Apply rubbing alcohol (isopropyl) to the top and bottom of the feet.
Apply a cold wet cloth to the armpits and groin. (Several sources I looked at disagreed about whether you should use an ice pack or not. In practice, I do, but I wrap it in a wet towel.)

You will also need to stop trying to cool a pet down when the temperature gets down to about 103F (39.4C). If you keep cooling after this point, hypothermia will occur, and that has its own host of dangers.

Prognosis for Overheating
The prognosis for a pet that’s been overheated is extremely variable. It will depend on how high the temp got, and for how long it stayed there. The higher and longer, the worse the damage is. Kidney failure, shock, blood infection, damaged and sloughing GI tract, blood clotting disorder, and brain swelling can all occur. These cases need care at an emergency-level practice for 24-hour monitoring.
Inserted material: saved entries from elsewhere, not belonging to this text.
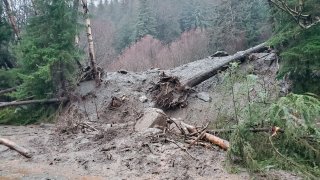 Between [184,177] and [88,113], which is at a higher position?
[184,177]

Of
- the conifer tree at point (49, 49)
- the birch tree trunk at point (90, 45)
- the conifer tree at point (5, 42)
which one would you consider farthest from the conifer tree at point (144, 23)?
the conifer tree at point (49, 49)

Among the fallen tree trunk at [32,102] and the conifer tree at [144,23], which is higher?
the fallen tree trunk at [32,102]

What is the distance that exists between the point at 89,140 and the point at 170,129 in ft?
6.94

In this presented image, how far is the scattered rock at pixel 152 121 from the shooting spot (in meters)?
9.30

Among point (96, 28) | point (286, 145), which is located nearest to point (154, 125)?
point (286, 145)

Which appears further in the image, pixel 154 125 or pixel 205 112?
pixel 205 112

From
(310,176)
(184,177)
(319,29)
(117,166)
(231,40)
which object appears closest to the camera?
(310,176)

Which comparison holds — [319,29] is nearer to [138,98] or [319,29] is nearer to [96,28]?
[138,98]

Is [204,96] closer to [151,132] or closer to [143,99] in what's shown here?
[143,99]

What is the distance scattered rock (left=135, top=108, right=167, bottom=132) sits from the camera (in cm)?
930

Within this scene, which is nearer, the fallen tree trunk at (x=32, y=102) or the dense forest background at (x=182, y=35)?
the fallen tree trunk at (x=32, y=102)

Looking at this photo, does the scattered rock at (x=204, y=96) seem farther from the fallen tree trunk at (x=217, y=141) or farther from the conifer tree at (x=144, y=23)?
the conifer tree at (x=144, y=23)

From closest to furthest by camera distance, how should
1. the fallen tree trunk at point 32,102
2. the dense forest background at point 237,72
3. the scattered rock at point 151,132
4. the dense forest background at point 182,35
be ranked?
the dense forest background at point 237,72, the scattered rock at point 151,132, the fallen tree trunk at point 32,102, the dense forest background at point 182,35

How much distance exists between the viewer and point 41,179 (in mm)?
7180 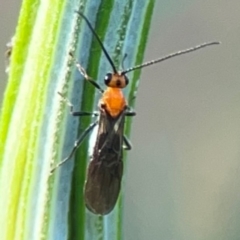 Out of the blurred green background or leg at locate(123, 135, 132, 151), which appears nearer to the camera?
leg at locate(123, 135, 132, 151)

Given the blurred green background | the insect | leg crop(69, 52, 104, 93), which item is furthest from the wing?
the blurred green background

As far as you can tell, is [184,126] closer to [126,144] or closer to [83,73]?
[126,144]

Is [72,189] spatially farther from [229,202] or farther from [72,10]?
[229,202]

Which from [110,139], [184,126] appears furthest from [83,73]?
[184,126]

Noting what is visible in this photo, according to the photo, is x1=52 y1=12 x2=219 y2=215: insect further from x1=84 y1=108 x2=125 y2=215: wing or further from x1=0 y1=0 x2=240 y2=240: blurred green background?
x1=0 y1=0 x2=240 y2=240: blurred green background

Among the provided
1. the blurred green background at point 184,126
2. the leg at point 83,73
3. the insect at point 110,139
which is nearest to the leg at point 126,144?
the insect at point 110,139

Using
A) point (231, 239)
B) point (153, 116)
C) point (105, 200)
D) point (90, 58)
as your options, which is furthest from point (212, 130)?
point (90, 58)

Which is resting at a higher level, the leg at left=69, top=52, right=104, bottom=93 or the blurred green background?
the blurred green background

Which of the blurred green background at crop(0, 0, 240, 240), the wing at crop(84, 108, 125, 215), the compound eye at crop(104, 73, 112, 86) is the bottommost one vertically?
the wing at crop(84, 108, 125, 215) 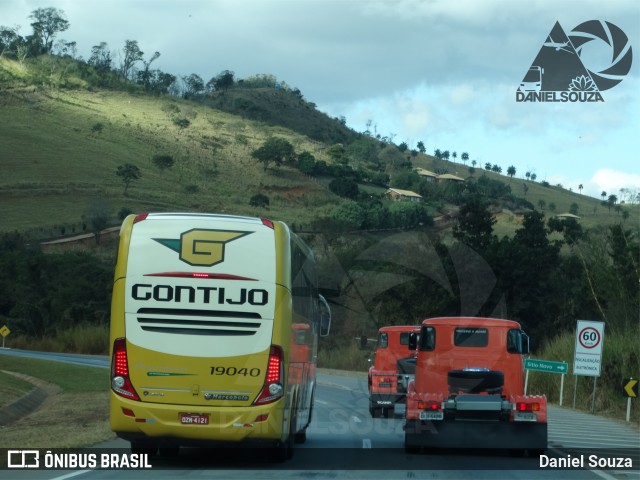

Treatments include IV fluids, antibiotics, blood plasma transfusions, medication for brain swelling, and other symptomatic management. The prognosis is always very guarded. The best prognosis seemed to be for dogs that were cooled some by the owner and brought to the vet hospital as rapidly as possible.

Take-home message:
Use common sense. If you wouldn’t run around in a heavy fur coat, don’t make your dog do so.
Protect dogs from themselves during hot weather: they’ll run until they collapse.
Shade, cool water, and take it easy!
Know where your emergency veterinary facilities are.

One final note. If you see a dog left in a car in sunny bright weather, call the police. There should be ZERO tolerance for this. A car sitting in the sun with the outside temp at 75F (23.9C) will rise to about 115F within an hour. That’s WAY too hot for safety.

Here are couple of links to articles and info on heat stroke in dogs:
Pet MD
VIN Partner

As always, thank you for reading. Enjoy the spring and summer! 🙂



Filed under exercise, safety, summer, weather

4 responses to “Heat Stroke – Expanded Topic

  1. This is such helpful information to distinguish the line between overheating and heat stroke.

    I keep an extra car key with me for emergencies. Once I had to stop at a drugstore for my mom on a hot summer day while my dog was with me. I locked the doors and left the car running with the air conditioner on while I ran into the store. Not an ideal situation, but better than the alternative, even for a quick stop.

  2. This poses an interesting quandary.

    While the risk is lessened by the AC, there’s still a risk that the AC won’t be enough or could fail. Interestingly enough, the Police dogs Ft Lauderdale/Miami are left in the police cars with the AC running.

    The risk is still more than I’d recommend taking. 🙂

    Thanks for bringing up a good situation to test our theories and strategies!

  3. David

    “Protect dogs from themselves […]” —

    So dogs don’t have reliable thermal self-regulation, and even minor signs of overheating count as a potential emergency!

    I’m going to be a lot more cautious with Mischa than I have been in the past. Thank you for the advice!

    Evolutionary musings: I can’t imagine dogs’ evolutionary ancestors often run themselves to death in hot weather, and dogs still survive in some scaldingly hot climates (think Indian pariah-dogs). So I find it curious that our household mutts are so susceptible to overloading themselves. I have to wonder if the self-regulation has been unintentionally bred out of them, or if it’s a skill that dogs can learn by experience, but which our pampered pets never have to pick up.

    Or perhaps wolves just do get heat-stroke once in a while. Maybe we should ask David Mech to look into it. 🙂

  4. They do have thermoregulation to a point, and they can acclimate to higher temperature locations…to a point. It’s just so damned hard to figure out where that fine line is between “I’m hotter than normal” and “I’ve denatured the proteins that clot my blood and make my kidneys work.”

    Dogs’ evolutionary ancestors had the luxury of living in packs, which helps spread the workload during high temps. I’d guess they also spend more time hunting during early and late hours of the day when the heat isn’t as bad. I’ve got no good way to support my agreement that we’ve bred a lot of hardiness out of our domestic dogs.

    If you do happen to come across any info on thermoregulation (from David Mech or anywhere else) please let me know!